What is #int e^(-x^2)dx#?

1 Answer
Nov 14, 2015

#int e^(-x^2) dx = sqrt(pi)/2 "erf"(x) + C#

#=sum_(n=0)^oo (-1)^n/((n!)(2n+1))x^(2n+1) + C#

Explanation:

The error function #"erf"(x)# is defined as follows:

#"erf"(x) = 2/sqrt(pi) int_0^x e^(-t^2) dt#

So #int e^(-x^2) dx = sqrt(pi)/2 "erf"(x) + C#

Can we find out the value of the integral without using this special non-elementary function?

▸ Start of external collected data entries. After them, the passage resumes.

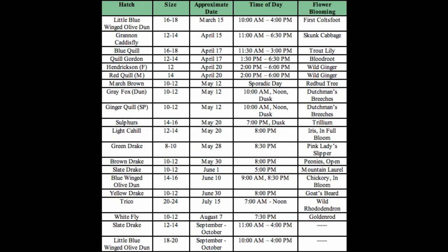This next couple of flies we're going to do are going to be the Grandum Caddis. I want to show you a hatch chart right here. You can see that the Grandum is one of the first flies on the chart. So let's get to tying that — we're going to do the larva, pupa, and the adult.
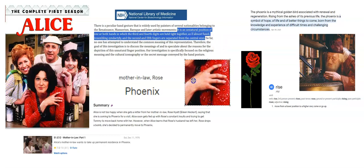That's a description of this hand sign, and then it goes on to discuss the cultural iconography, or the secret message conveyed by the hand posture.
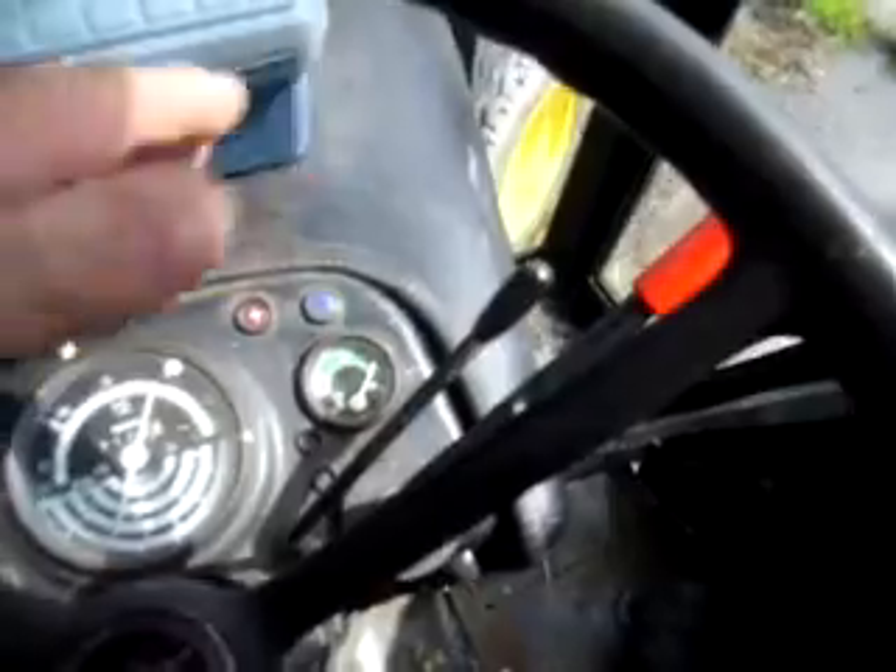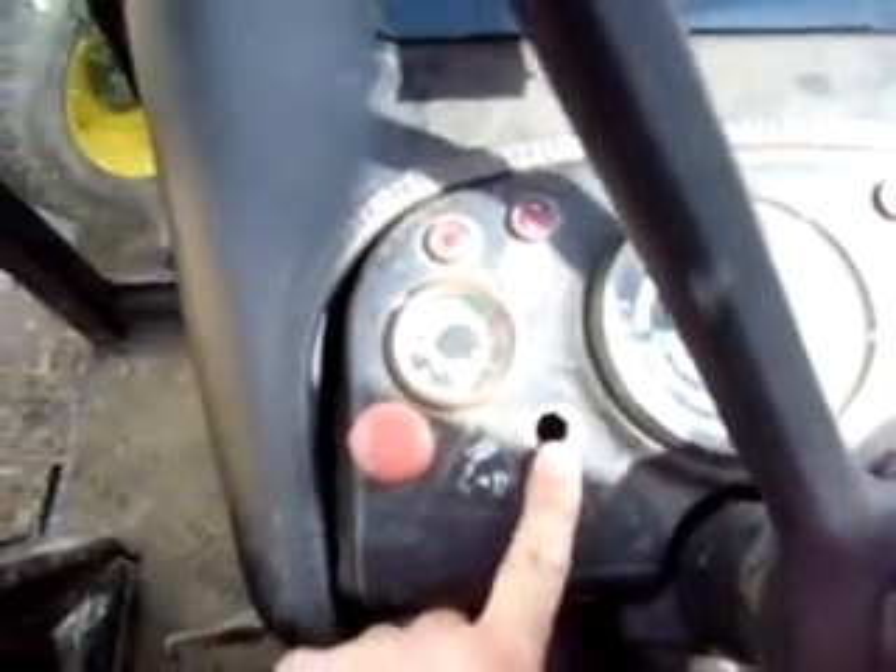It's got the foot throttle and the hand throttle. That's where the glow plug switch should be.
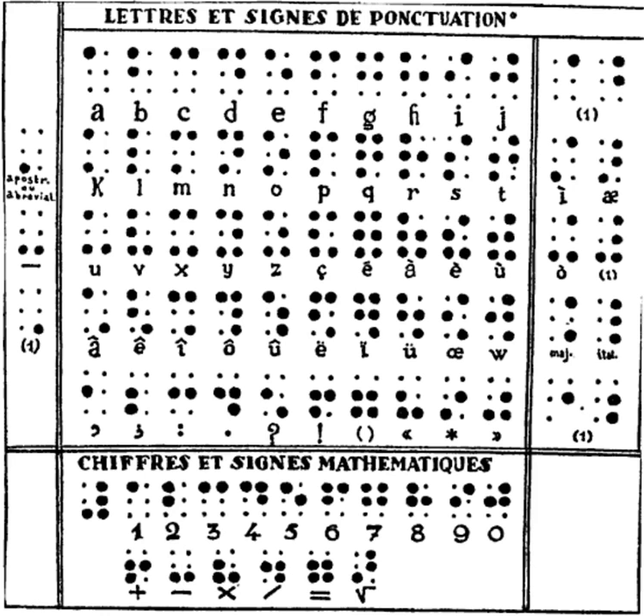Anticipating that the dashes might prove problematic, Braille provided that the supplemental sign would shift the decade by four — that is, adding it to the first four decades would produce substitutes for the fifth through eighth. Only its use to replace the old fifth decade has been retained. The old sixth decade survives as the modern fifth, with the dash removed and the dots shifted down to replace it.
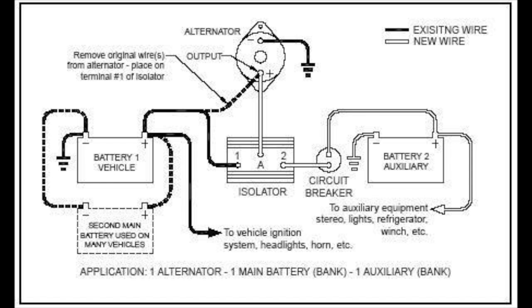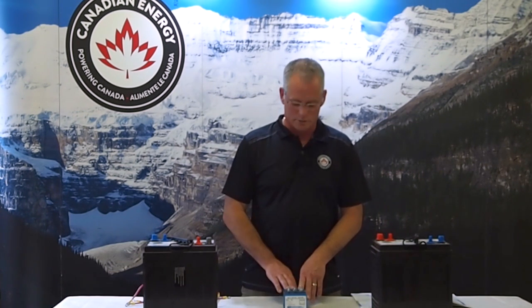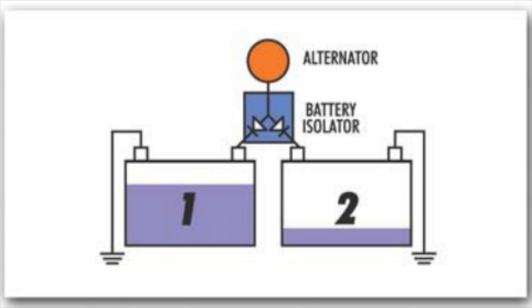From there, what we'll need to do is make up a new wire gauged appropriately for the current and the size of the alternator to run from the A terminal back to our alternator. When the alternator is charging, it will go ahead and charge both batteries — the starting battery and the auxiliary battery. When there's no charge coming from the alternator and we're running our accessory loads, we're not taking any energy out of our starting battery, therefore leaving the starting battery fully charged to restart the vehicle.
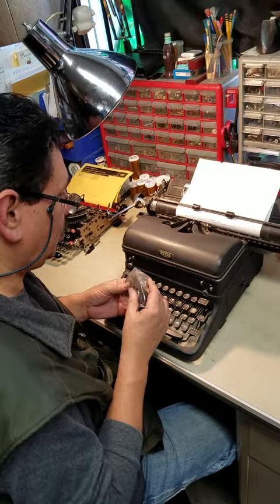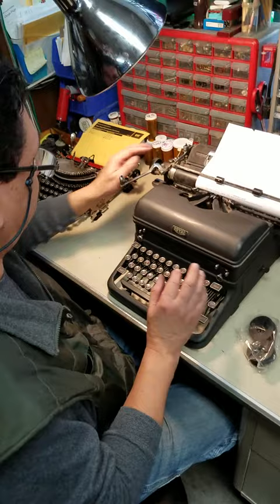Could you tell me again? Because I'm filming you for her, tell me again how to put the ribbon. Okay, first thing you're gonna do is make sure the ribbon has to unwind from this direction. Okay.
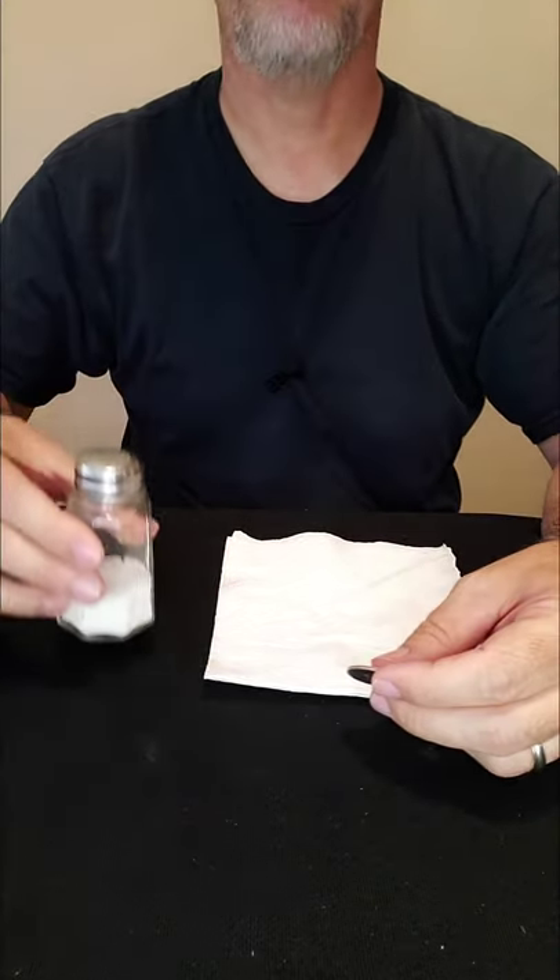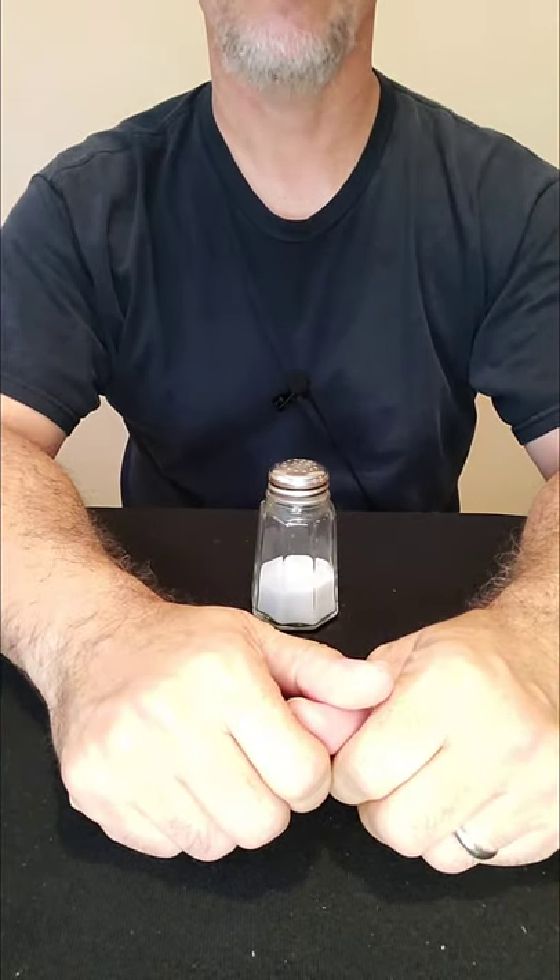It's really simple, it's easy to do. You need a quarter, and you're also going to need the salt shaker from the table and a paper napkin. You place the quarter down on the table just like that, and then you cover the entire thing from view by placing it underneath the salt shaker.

We can at least express it in terms of a power series:

#e^t = sum_(n=0)^oo t^n/(n!)#

Substituting #t = -x^2# we get:

#e^(-x^2) = sum_(n=0)^oo (-1)^n/(n!)x^(2n)#

So:

#int e^(-x^2) dx = int (sum_(n=0)^oo (-1)^n/(n!)x^(2n)) dx#

#=sum_(n=0)^oo (-1)^n/((n!)(2n+1))x^(2n+1) + C#

Hence the power series for #"erf"(x)# is simply given by:

#"erf"(x) = 2/sqrt(pi) sum_(n=0)^oo (-1)^n/((n!)(2n+1))x^(2n+1)#

since #"erf"(x)# is the integral from #0# to #x# and this sum is #0# when #x = 0#.